Research Data Management (Health Sciences)
Data Documentation
Investing time in creating data documentation will help to ensure that your research data can be found, understood, and used by others.
Ideally, you should begin to document your research data at the outset of your project, and continue to create and update the documentation throughout the course of your project. This will decrease the risk that your documentation will be incomplete, or that you will forget important details about your data.
Research data documentation falls in to two categories - project documentation and dataset documentation.
Project documentation includes:
- Where and how the data was collected
- How the data files are structured and organized
- How the data was validated
- How the data was transformed
- Who can access the data, and for what purpose
- How the data can be used, and under what conditions
Dataset documentation includes:
- Variable names and descriptions
- Explanation of codes and classification schemes used
- Algorithms used to transform data
- File format and software use
An essential piece of research data documentation, the readme file provides basic information about a data file or dataset to help ensure that the data can be correctly interpreted, both by you at a later date or by others when sharing or publishing data. For readme file best practices and recommended content, see Guide to writing "readme" style metadata from Cornell University Research Data Management Service Group.
For further guidance on collecting, tracking, and structuring your research data documentation:
-
Basic Approach to Metadataby Stanford University Library
-
Best Practices: Metadataby DataOne
-
Research Data Management TrainingModule on metadata, documentation, and citation, MANTRA
Metadata Standards
Metadata means, simply, data about data. In the context of research data management, metadata refers to both data documentation, and to structured information that conforms to a metadata standard.
Metadata structures are often referred to as schemas. A schema is a logical plan which shows the relationships between metadata elements. The completed metadata are often reported in a machine-readable language such as XML.
Most data repositories require that your project metadata follows a specific standard. A widely-used, general purpose metadata standard is the Dublin Core Metadata Element Set. This standard defines fifteen properties used to describe data:
- Contributor - An entity responsible for making contributions to the resource.

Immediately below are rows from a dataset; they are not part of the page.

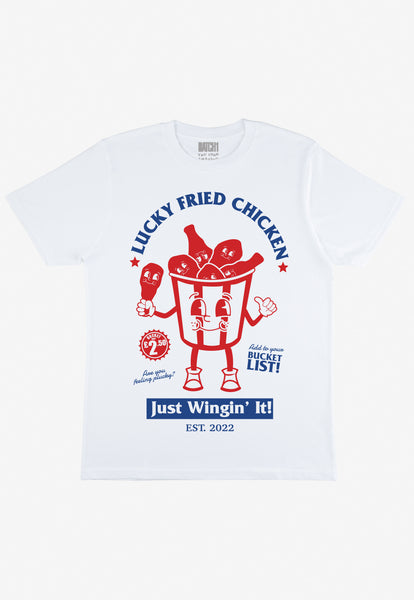flatlay of men's white t shirt with chicken shop mascot and lucky fried chicken slogan print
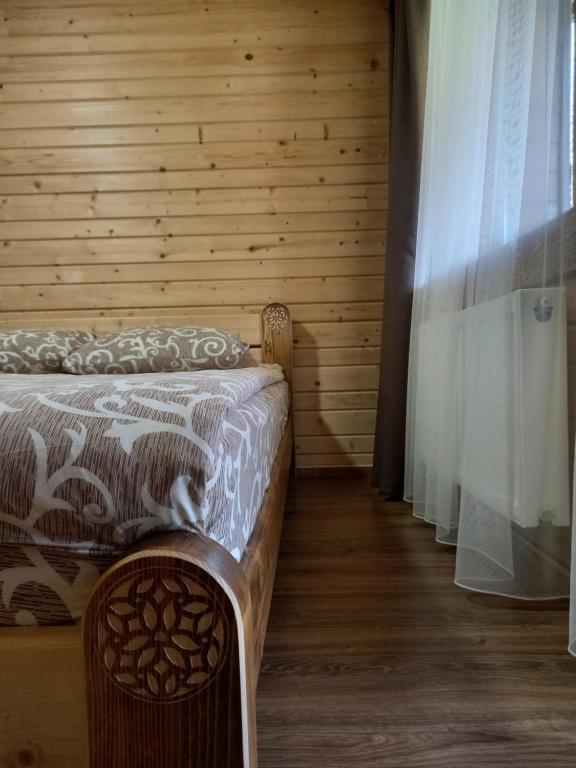 Postel nebo postele na pokoji v ubytování Voyage Tatariv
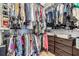 Spacious walk-in closet with ample shelving and hanging space for clothes and accessories at 8721 Crystal Creek Ct, Land O Lakes, FL 34638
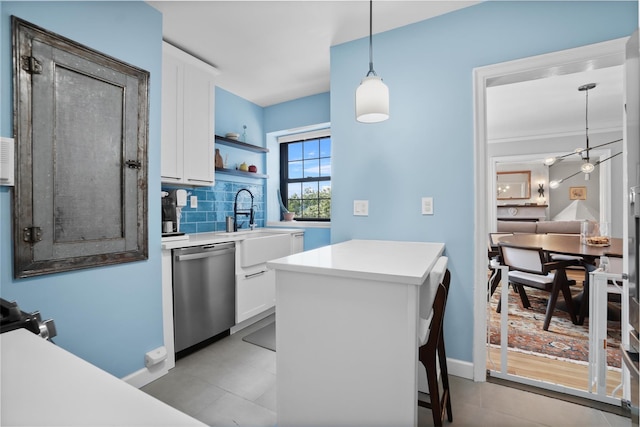 295 N Broadway Unit 27, Yonkers, NY 10701 - kitchen with stainless steel dishwasher, white cabinetry, open shelves, and tasteful backsplash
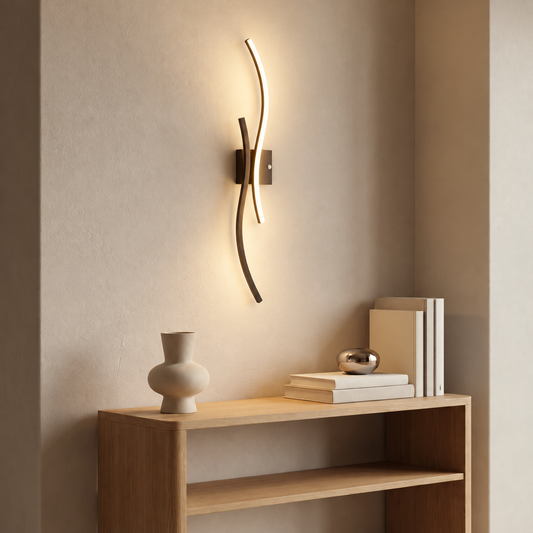 Black curved cordless wall light glowing above a wooden console table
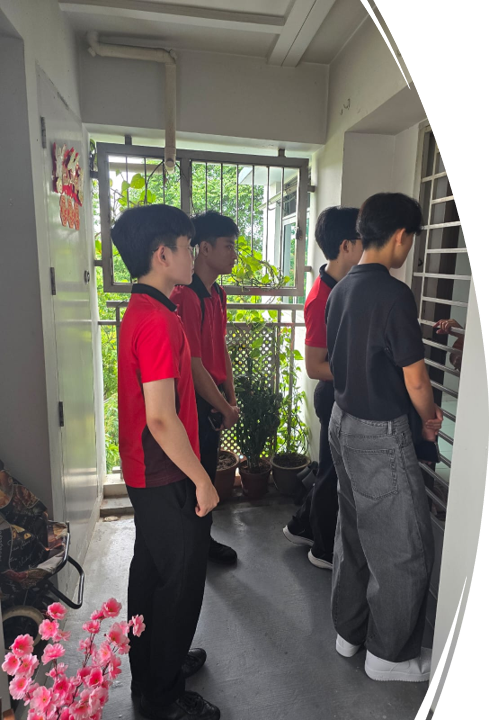 Four young males in red and dark polo shirts stand in a narrow corridor near a barred window with plants.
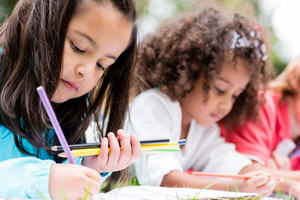 Inclusive education: a diverse group of children lie on grass completing school work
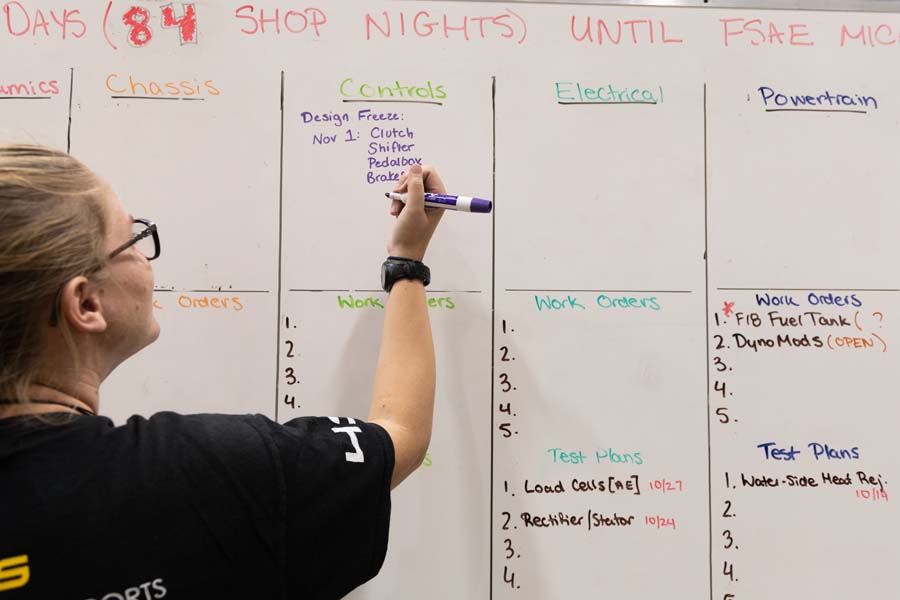 Dani Adamson, a fourth-year mechanical engineering major, works on GT Motorsports’ project management plan.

- Coverage - The spatial or temporal topic of the resource, the spatial applicability of the resource, or the jurisdiction under which the resource is relevant.
- Creator - An entity primarily responsible for making the resource.
- Date - A point or period of time associated with an event in the life cycle of the resource.
- Description - An account of the resource.
- Format - The file format, physical medium, or dimensions of the resource.
- Identifier - An unambiguous reference to the resource within a given context.
- Language - A language of the resource.
- Publisher - An entity responsible for making the resource available.
- Relation - A related resource.
- Rights - Information about rights held in and over the resource.
- Source - A related resource from which the described resource is derived.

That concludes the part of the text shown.